» **How to complete this task**
Set down exactly the lines below, starting at the one that contains "8' Charcoal Copper" and ending at the one that contains "Easter Egg Bunny", with both of those lines included and nothing else.

Start of Input records

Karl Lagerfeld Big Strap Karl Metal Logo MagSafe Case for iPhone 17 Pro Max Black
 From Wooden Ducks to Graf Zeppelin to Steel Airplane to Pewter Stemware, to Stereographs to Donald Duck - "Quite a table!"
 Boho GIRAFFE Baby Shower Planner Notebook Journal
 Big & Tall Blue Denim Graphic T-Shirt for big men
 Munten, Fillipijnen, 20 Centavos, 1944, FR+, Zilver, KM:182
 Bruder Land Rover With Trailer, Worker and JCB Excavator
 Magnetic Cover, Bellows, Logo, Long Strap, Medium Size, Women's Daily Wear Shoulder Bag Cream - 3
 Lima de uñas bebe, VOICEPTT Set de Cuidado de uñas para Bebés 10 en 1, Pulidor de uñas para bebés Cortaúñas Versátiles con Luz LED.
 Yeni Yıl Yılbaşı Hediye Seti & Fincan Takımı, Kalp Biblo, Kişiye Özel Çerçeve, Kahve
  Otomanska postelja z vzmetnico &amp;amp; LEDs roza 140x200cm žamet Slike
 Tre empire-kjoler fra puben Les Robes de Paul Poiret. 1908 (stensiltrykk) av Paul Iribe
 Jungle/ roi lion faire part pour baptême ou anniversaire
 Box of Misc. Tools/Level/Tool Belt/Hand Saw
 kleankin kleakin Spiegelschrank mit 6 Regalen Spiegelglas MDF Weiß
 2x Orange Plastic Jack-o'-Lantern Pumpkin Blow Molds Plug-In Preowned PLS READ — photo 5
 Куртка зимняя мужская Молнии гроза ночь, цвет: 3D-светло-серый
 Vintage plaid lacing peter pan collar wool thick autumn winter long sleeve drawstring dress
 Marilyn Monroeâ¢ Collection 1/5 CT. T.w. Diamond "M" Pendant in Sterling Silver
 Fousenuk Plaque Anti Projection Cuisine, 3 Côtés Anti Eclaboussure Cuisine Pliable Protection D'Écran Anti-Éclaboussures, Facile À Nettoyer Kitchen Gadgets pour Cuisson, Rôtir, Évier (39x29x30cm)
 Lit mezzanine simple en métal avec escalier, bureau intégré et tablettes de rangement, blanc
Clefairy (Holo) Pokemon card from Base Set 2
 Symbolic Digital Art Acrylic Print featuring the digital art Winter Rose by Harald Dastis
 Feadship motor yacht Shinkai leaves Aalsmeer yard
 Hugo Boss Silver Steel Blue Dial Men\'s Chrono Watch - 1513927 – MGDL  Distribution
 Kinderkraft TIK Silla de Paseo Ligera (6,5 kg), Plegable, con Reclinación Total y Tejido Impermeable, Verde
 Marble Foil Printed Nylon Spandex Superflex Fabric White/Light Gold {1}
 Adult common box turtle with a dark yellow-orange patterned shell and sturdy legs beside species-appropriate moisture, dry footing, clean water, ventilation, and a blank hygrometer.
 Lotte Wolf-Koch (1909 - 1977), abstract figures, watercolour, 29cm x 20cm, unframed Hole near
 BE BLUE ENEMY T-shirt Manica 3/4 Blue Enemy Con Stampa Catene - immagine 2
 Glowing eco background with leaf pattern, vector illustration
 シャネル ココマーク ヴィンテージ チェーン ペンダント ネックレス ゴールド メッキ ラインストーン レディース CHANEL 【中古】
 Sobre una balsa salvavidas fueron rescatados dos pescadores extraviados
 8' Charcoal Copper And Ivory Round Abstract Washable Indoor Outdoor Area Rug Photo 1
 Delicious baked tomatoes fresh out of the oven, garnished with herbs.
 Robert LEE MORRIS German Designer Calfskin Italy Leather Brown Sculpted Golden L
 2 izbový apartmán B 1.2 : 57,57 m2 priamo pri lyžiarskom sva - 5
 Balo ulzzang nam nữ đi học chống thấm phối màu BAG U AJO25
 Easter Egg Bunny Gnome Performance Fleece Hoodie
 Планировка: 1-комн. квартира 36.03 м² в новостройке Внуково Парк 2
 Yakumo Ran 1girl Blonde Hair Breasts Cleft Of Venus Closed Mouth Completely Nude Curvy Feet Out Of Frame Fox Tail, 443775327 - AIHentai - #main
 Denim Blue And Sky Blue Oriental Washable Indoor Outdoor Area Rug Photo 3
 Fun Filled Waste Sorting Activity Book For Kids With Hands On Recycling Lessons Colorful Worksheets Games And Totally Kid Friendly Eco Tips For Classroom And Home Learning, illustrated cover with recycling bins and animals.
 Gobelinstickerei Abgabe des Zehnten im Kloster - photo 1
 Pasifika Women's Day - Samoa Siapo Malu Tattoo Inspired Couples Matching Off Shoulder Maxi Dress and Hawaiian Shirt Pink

End of Input records

» **Written solution**
 8' Charcoal Copper And Ivory Round Abstract Washable Indoor Outdoor Area Rug Photo 1
 Delicious baked tomatoes fresh out of the oven, garnished with herbs.
 Robert LEE MORRIS German Designer Calfskin Italy Leather Brown Sculpted Golden L
 2 izbový apartmán B 1.2 : 57,57 m2 priamo pri lyžiarskom sva - 5
 Balo ulzzang nam nữ đi học chống thấm phối màu BAG U AJO25
 Easter Egg Bunny Gnome Performance Fleece Hoodie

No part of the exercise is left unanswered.